What has happened in Afghanistan is nothing short of a miracle. Who is responsible for it? The New York Times gives the major credit to "the Afghan people" with their "courage and commitment." Courage and commitment there was, but the courage and commitment were curiously imperceptible until this administration conceived a radical war plan, executed it brilliantly, liberated the country and created from scratch the structures of democracy.
The interesting question is: If we succeeded in Afghanistan, why haven't we in Iraq? One would have thought Afghanistan, with its obviously less-developed human and industrial infrastructure, to be far less conducive to democracy. It is more tribal, more primitive and has even less history of modern political development.
Yet that may have been an advantage. Iraq has for decades been exposed to the ideas of political modernism -- fascism and socialism as transmuted through Baathism (heavily influenced by the European political winds of the 1920s and '30s) to which Saddam Hussein added the higher totalitarianism of his hero, Stalin. This history has succeeded in devaluing and delegitimizing secular ideologies, including liberal-democratic ones. In contrast, Afghanistan had suffered under years of appalling theocratic rule, which helped to legitimize the kind of secularist democracy that Karzai represents.
Furthermore, Afghanistan had the ironic advantage of having just come out of a quarter-century of civil war. As in Europe after World War II, the exhaustion that follows is conducive to pursuing power by peaceful political means. In contrast, Iraq's Baathists, fresh from 30 years of unimpeded looting and killing, are quite prepared to ignite a civil war in pursuit of the power and privileges they have lost.
And, finally, Afghanistan's neighbors have largely kept out of the postwar reconstruction. The most powerful and active neighbor, Pakistan, was made an ally in this effort and has supported the democracy project.
Iraq's neighbors are hostile to the United States and to our democratic project. The Baathist insurgents are heavily supported by Syria, from which some of the sheltered leadership provides funding and operational directives for guerrilla actions in Iraq. Behind Syria stands the Arab League, composed mostly of Sunni monarchs and dictators, carrying water for Iraq's Sunni minority, which ruled for 80 years.

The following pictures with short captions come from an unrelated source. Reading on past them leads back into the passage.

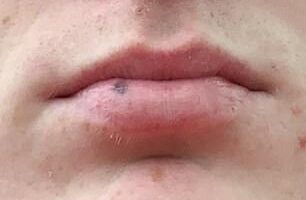 Harry's lip mole before treatment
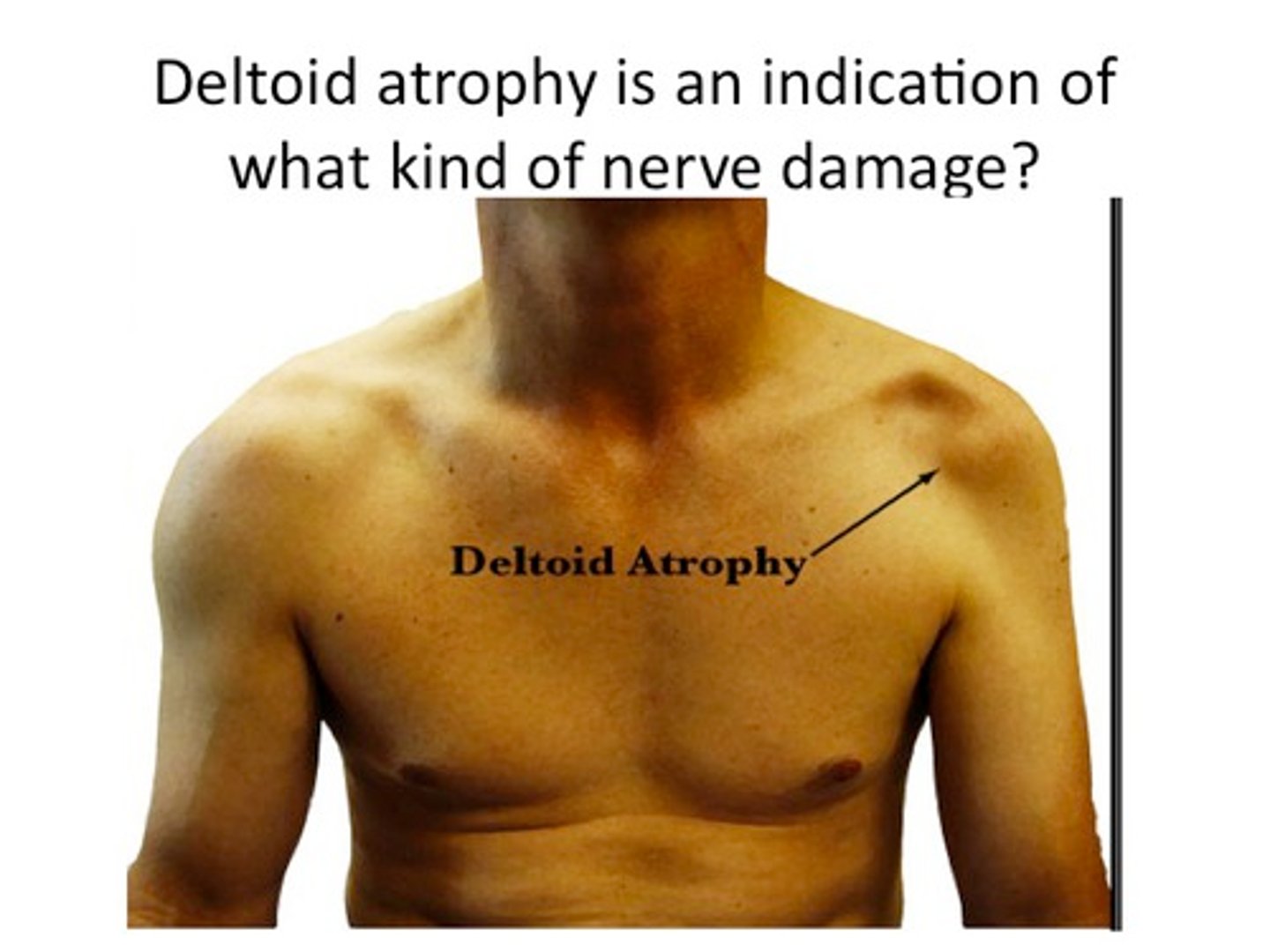<p>The axillary nerve can become damaged when the shoulder dislocates</p><p>Damage to the axillary nerve leads to weak abduction (deltoid) and weak external rotation (teres minor).</p>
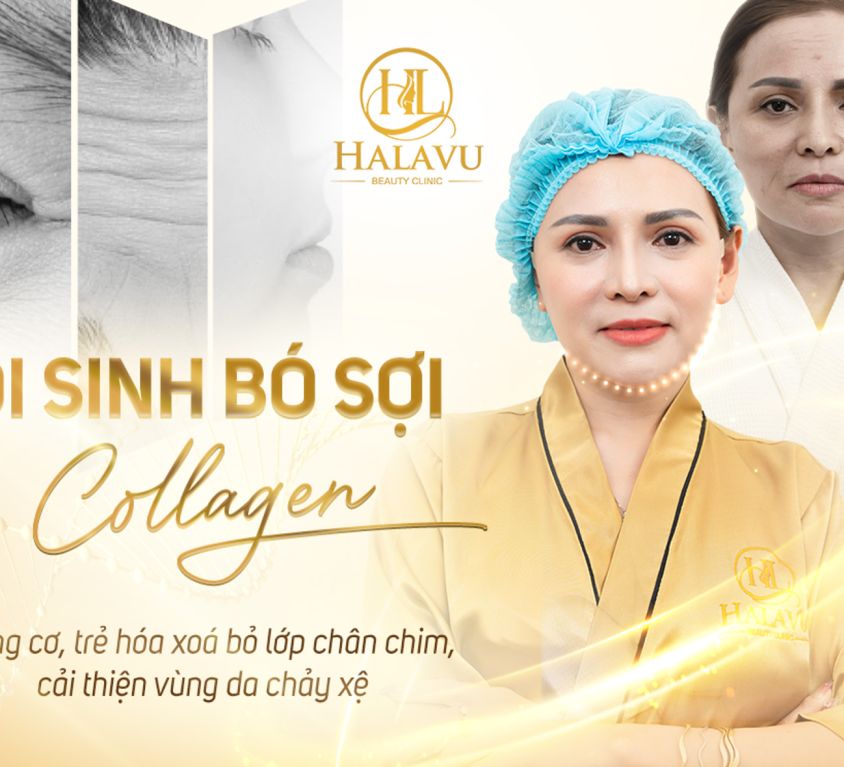 NỘI SINH BÓ SỢI COLLAGEN 1-2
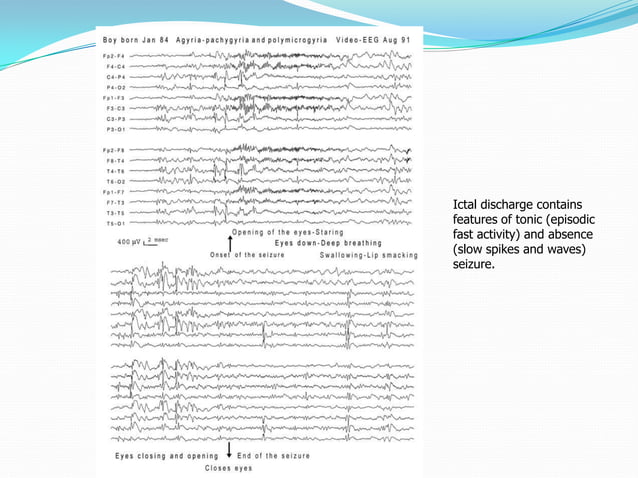 Epileptic encephalopathy -EEG | PPT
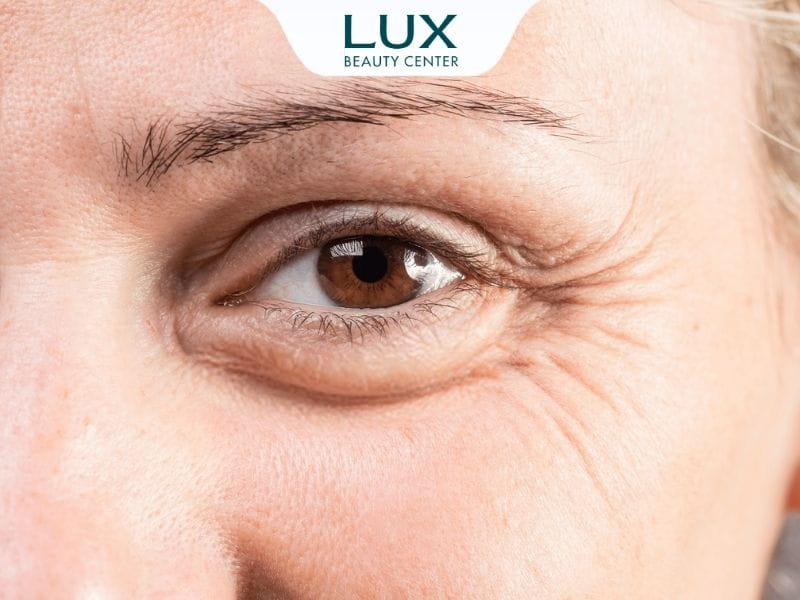 hình cô gái bị vết chân chim ở đuôi mắt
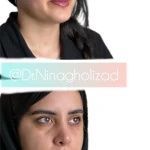  کلینیک زیبایی دکتر نینا قلی زاد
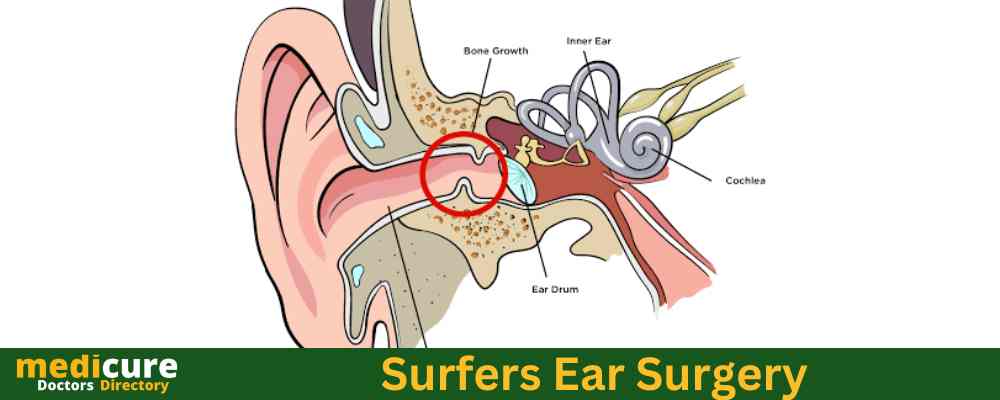 Surfers ear surgery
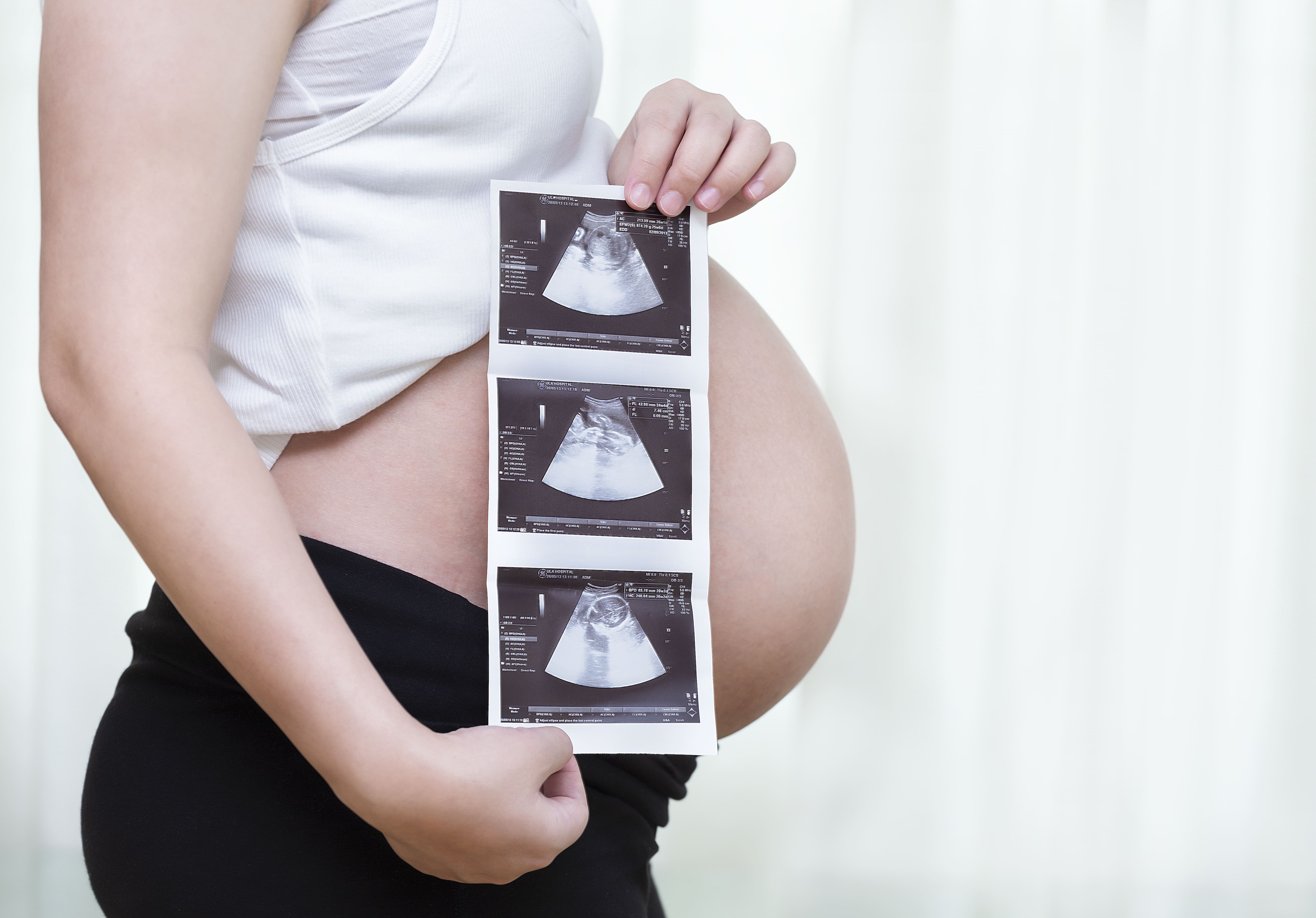 Parto naturale o cesareo? Tutti i pro e i contro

On the other side is Iran, funneling money, fighters and, by some reports, even voters (waves of immigrants) to help elect not only a Shiite government but a theocratic Shiite government. As Iraq becomes the cockpit for the regional rivalries, internal divisions are greatly exacerbated.
This does not mean we cannot succeed. It does mean that Iraq will be very difficult. It also means that against all expectations, Afghanistan is the first graduate of the Bush Doctrine of spreading democracy in rather hostile places. A success so remarkable and an end so improbable merit at least a moment of celebration.